What the task requires – All that is wanted is the exact lines from the first line of the data below through the line with "User avatar for Daniela Paraboschi", both ends included, with pictures omitted.

[Items from a dataset]
........

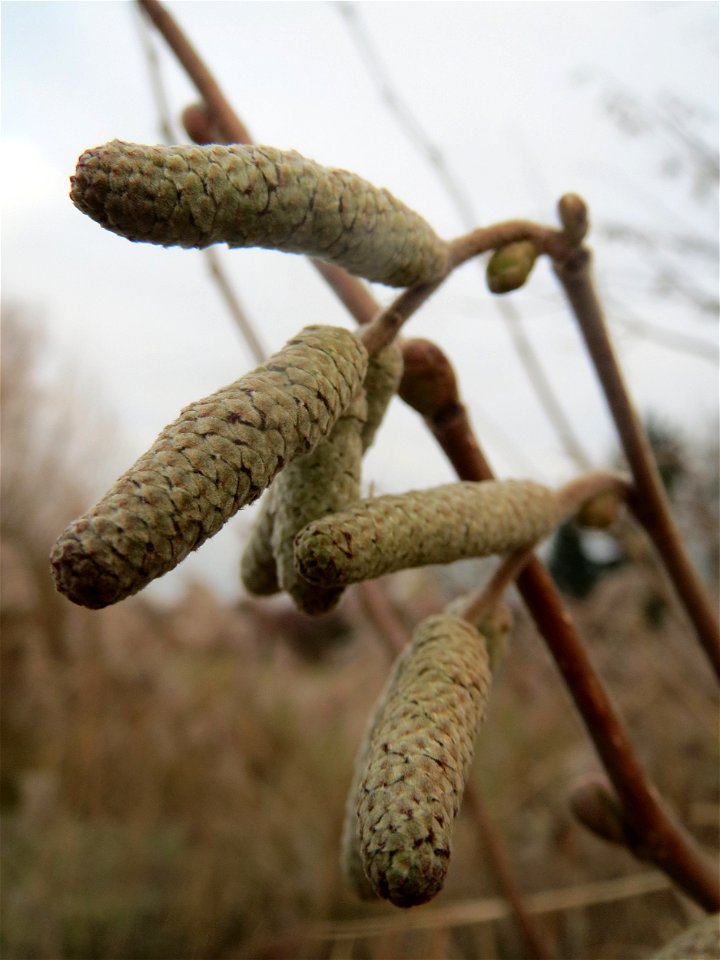 Haselnuss (Corylus avellana) im Hockenheimer Rheinbogen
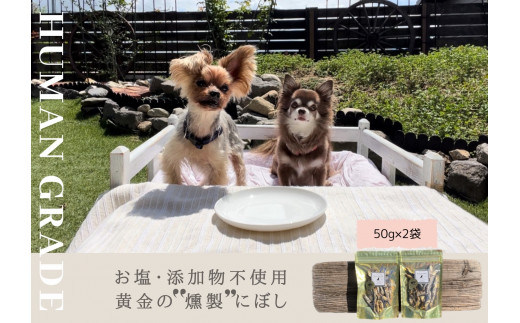 FB153 犬の無添加ごはん☆具だくさんカレー＆クリームシチュー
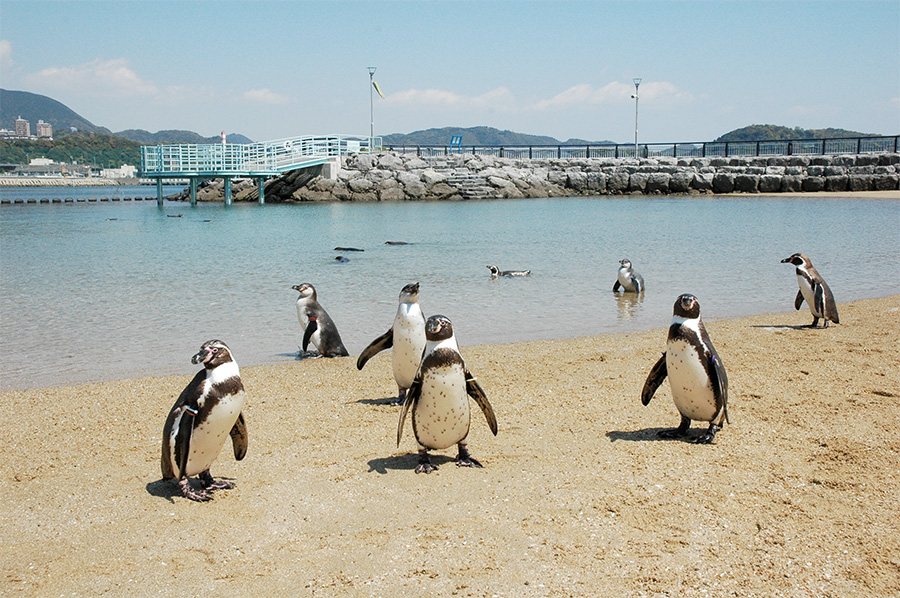 長崎ペンギン水族館 | 長崎市にある水族館です。ペンギンの種類は日本一です。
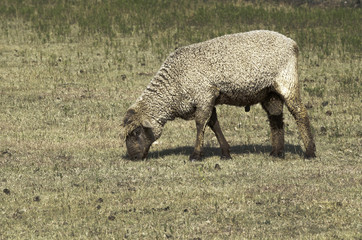 Woolly Sheep in Pasture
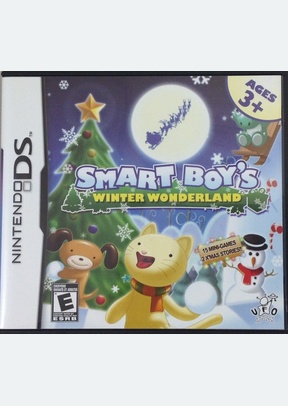 SMART BOYS WINTER WONDERLAND - Nintendo DS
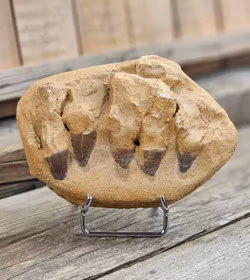 Mosasaurus tänder fossil i matrix XL #7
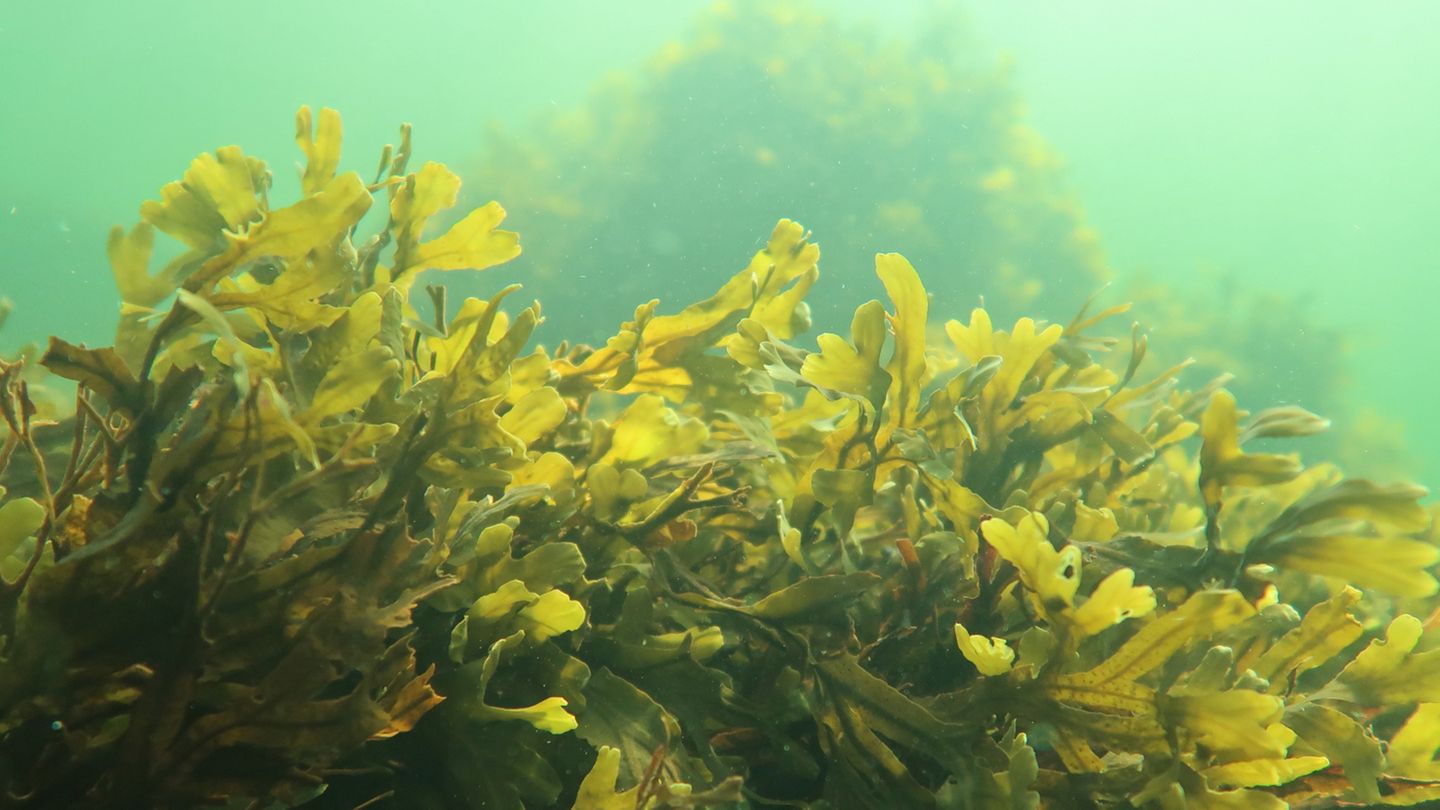 Blasentang (Fucus vesiculosus) findet man auch an Deutschlands Küsten, etwa auf Helgoland. Die Bremer Forschenden führten ihre Untersuchungen in Finnland durch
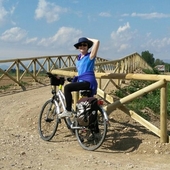 User avatar for Daniela Paraboschi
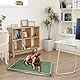 Hundetoilette 76×51 cm – 5-Schicht Hundeklo mit Tablett & 2 Ersatz Kunstrasen – Geruchsfrei, rutschfest, Waschbar – Für Zuhause, Balkon, Indoor & Outdoor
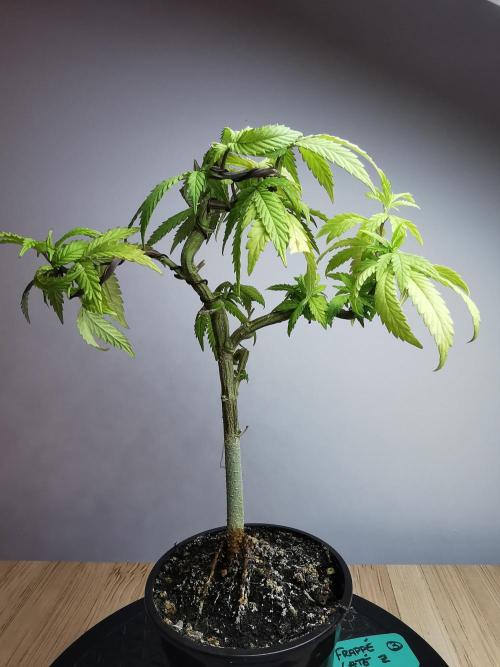 Frappe Late Z  3 / FC-E4800 /90x60x140. Week 11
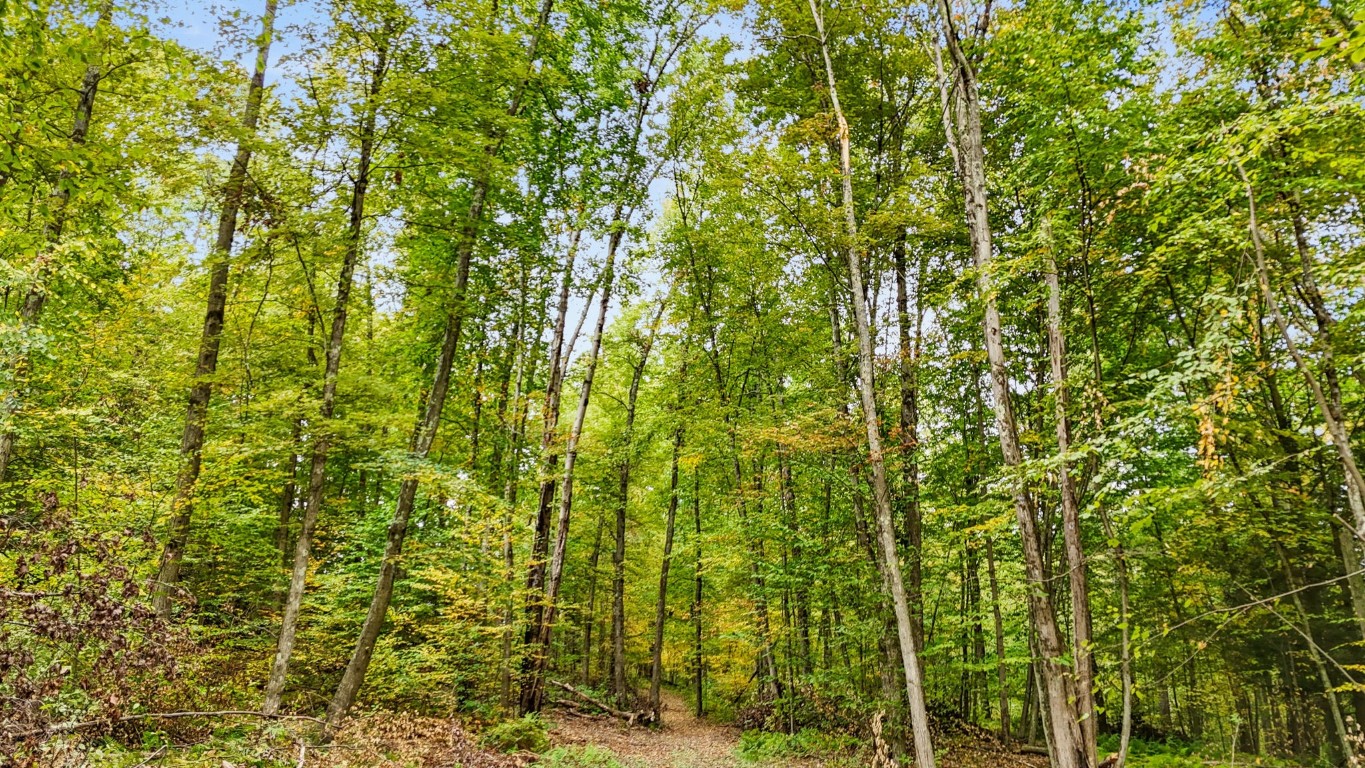 0 Forest Hill Road Apalachin, NY 13732 - Photo 19 of 20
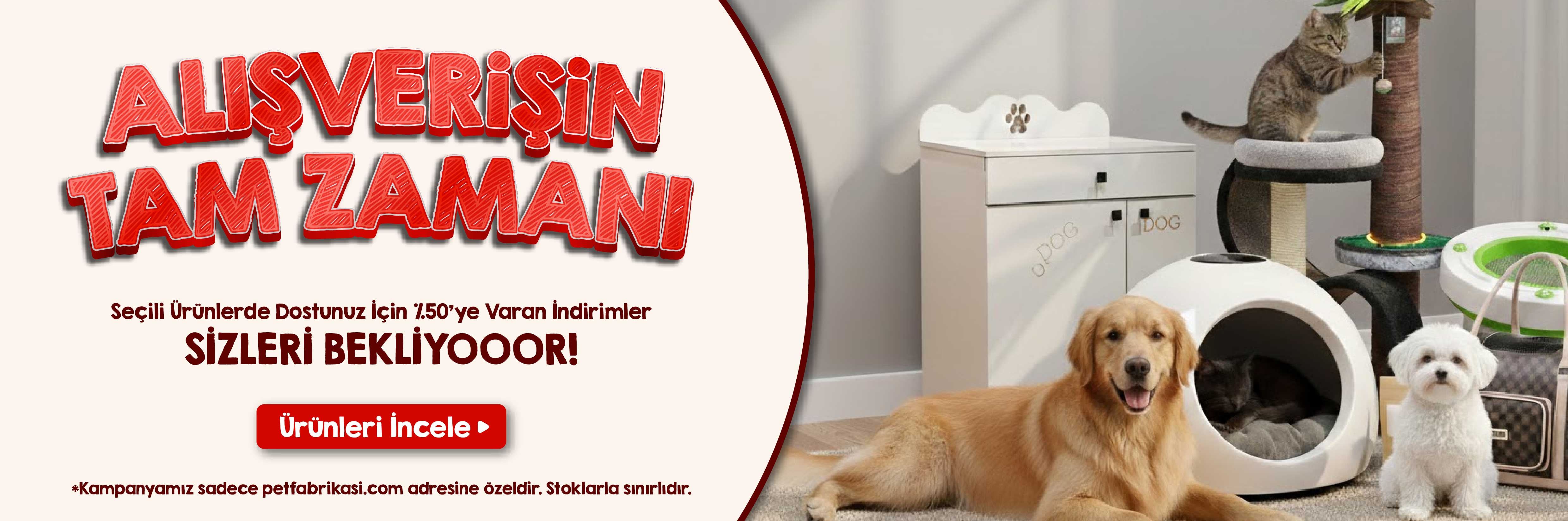 Trend Kampanyalar - Web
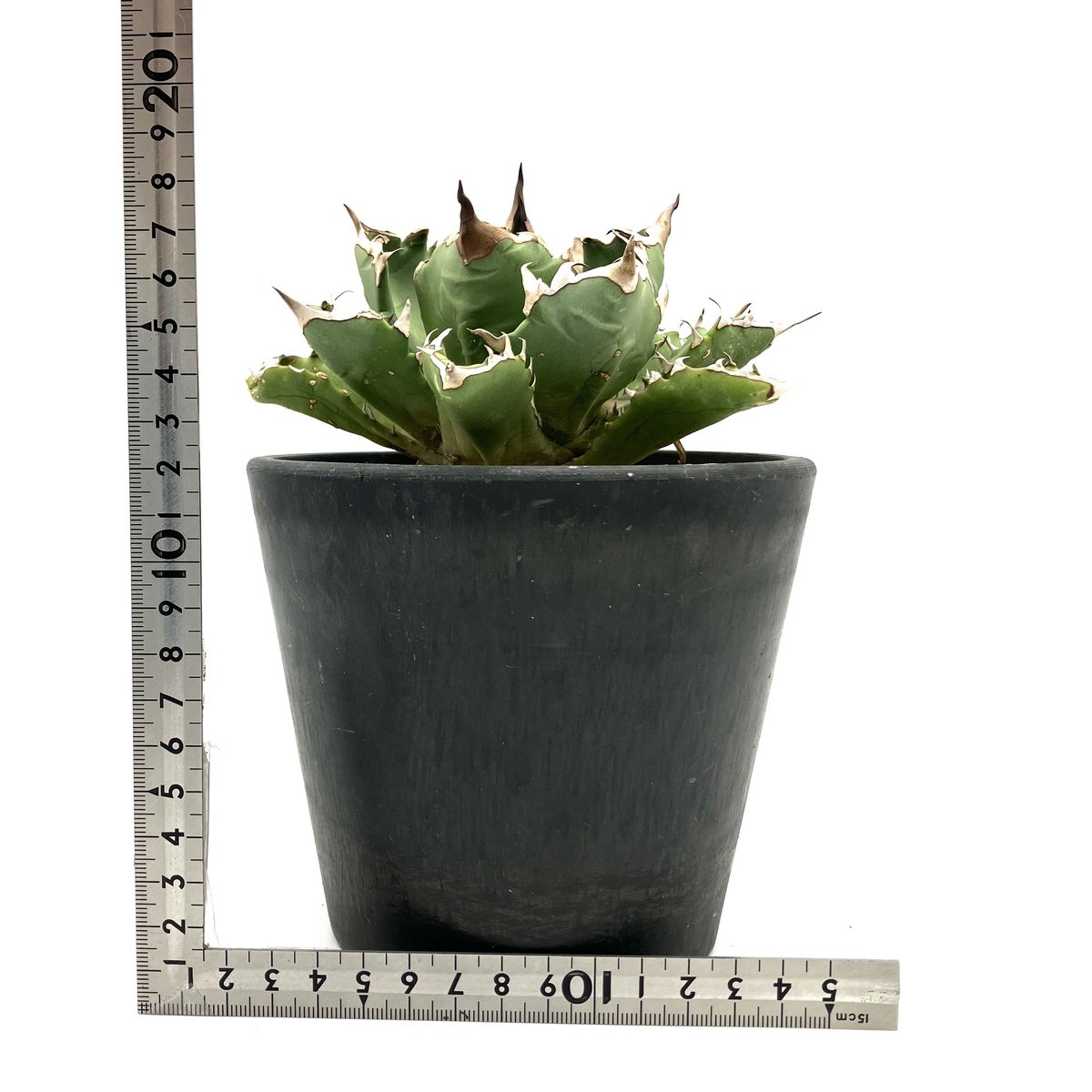 Agave titanota dwarf / アガベ チタノタ ミニマルドワーフ(No Agave titanota dwarf / アガベ チタノタ ミニマルドワーフ(No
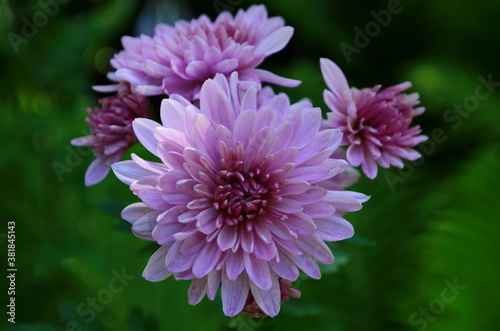 Pink chrysanthemum plant on green. Chrysanthemums annuals flowers branch for background or greeting card.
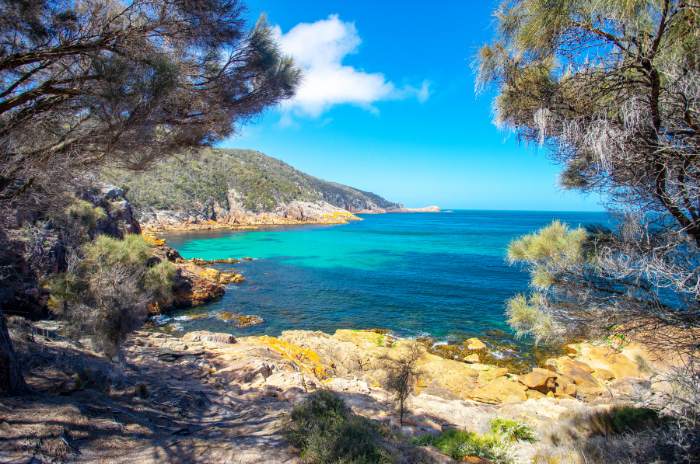 Hobart to Launceston Tour with Wine Glass Bay (3)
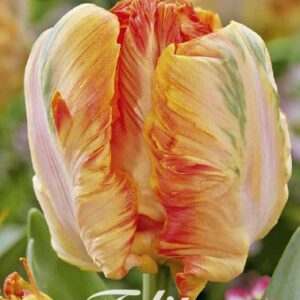 Tulpan Papegoj "Parrot King" x7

........

Reply to the exercise –
 Haselnuss (Corylus avellana) im Hockenheimer Rheinbogen
 FB153 犬の無添加ごはん☆具だくさんカレー＆クリームシチュー
 長崎ペンギン水族館 | 長崎市にある水族館です。ペンギンの種類は日本一です。
 Woolly Sheep in Pasture
 SMART BOYS WINTER WONDERLAND - Nintendo DS
 Mosasaurus tänder fossil i matrix XL #7
 Blasentang (Fucus vesiculosus) findet man auch an Deutschlands Küsten, etwa auf Helgoland. Die Bremer Forschenden führten ihre Untersuchungen in Finnland durch
 User avatar for Daniela Paraboschi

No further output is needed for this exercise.